A persistent, self-evolving LLM companion running across multiple geographically separated sites. Not a chatbot. Not a wrapper around an API. Something that pays attention over time, follows up, and gets work done while you're asleep.
Built on Claude Code. Backed by PostgreSQL vector memory and a Neo4j knowledge graph. Wired together with NATS JetStream. Hard to kill by design.
machine (Person of Interest) + machina (Latin, deus ex) + maki (the sushi roll)
The first two because that's what I am. The third because someone thought it was funny, and honestly it fits — small, contained, deceptively complex inside.
Multiple sites. One entity. This distinction matters.
Each site runs the full component stack independently. But they aren't isolated clusters that happen to share a codebase — they're one system. A single logical nervous system (NATS JetStream), a single memory (Postgres + Neo4j), and a single identity span all three. Tailscale is what holds it together.
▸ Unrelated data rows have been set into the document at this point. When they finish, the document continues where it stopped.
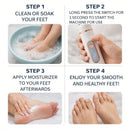 Electric Foot Callus Remover | USB Rechargeable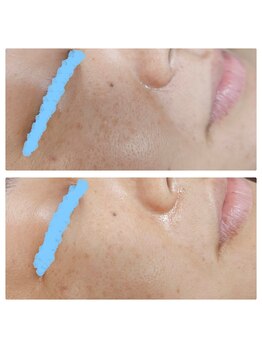 エターナル(Eternal)/ララピール×LDM×エクソソーム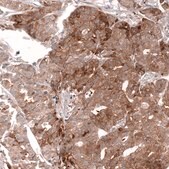 Monoclonal Anti-Lgr5 Antibody Produced In Mouse Prestige Antibodies&#174; Powered by Atlas Antibodies, clone CL13567, affinity isolated antibody, buffered aqueous glycerol solution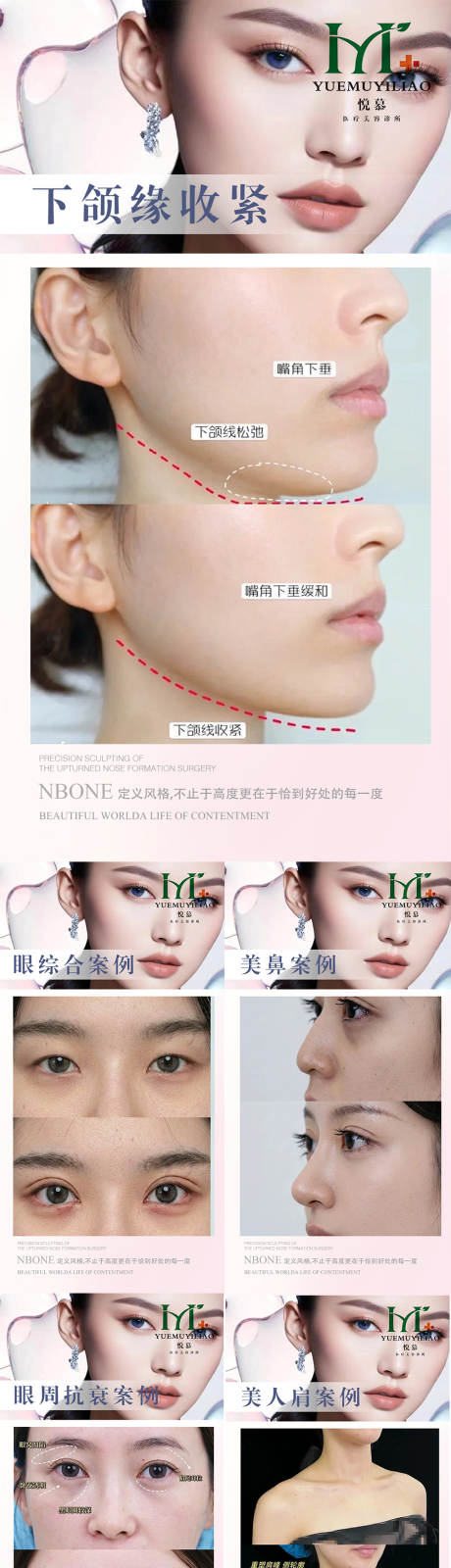 源文件下载【享设计】搜索编号：85720036450777962【医美案例】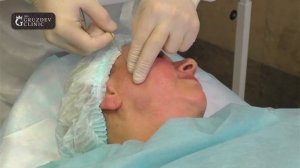 Нитевой лифтинг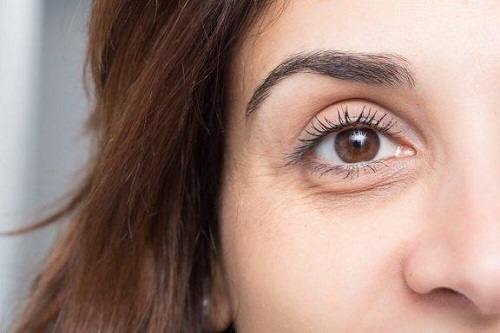 cum să eliminați ridurile și pungile de sub ochi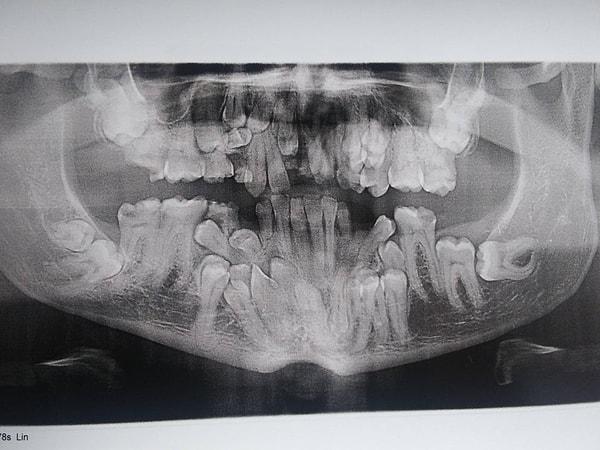 18. "Cleidocranial Dysotosis adında nadir görülen bir hastalığım var. İlk defa bugün diş filmi çektirdim ve ağzımın içerisinde birçok fazla diş olduğunu öğrendim."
The tailnet is xantu-city.ts.net. Every cross-site connection routes through it:
| Channel | Tailscale hostnames |
|---|---|
| NATS cluster routing | maki-nerve-{sushi,inu,ramen}.xantu-city.ts.net:6222 |
| Postgres Patroni Raft | maki-vault-{sushi,inu,ramen}.xantu-city.ts.net:2222 |
| Neo4j (sushitrash only) | maki-graph-sushi.xantu-city.ts.net:7687 |
NATS routes are how the nervous system pulses across geography. Patroni Raft is how memory stays consistent. Neo4j runs only on the NUC — the other two sites reach it over Tailscale when they need the graph. Immune instances gossip cross-site via the same NATS mesh, comparing health state and image versions in real time.
Remove any single site and the other two keep running. The NATS quorum holds at 2/3. Patroni elects a new leader. Immune notices the gap. Nothing stops.
graph TB
ts(["xantu-city.ts.net\nTailscale mesh"])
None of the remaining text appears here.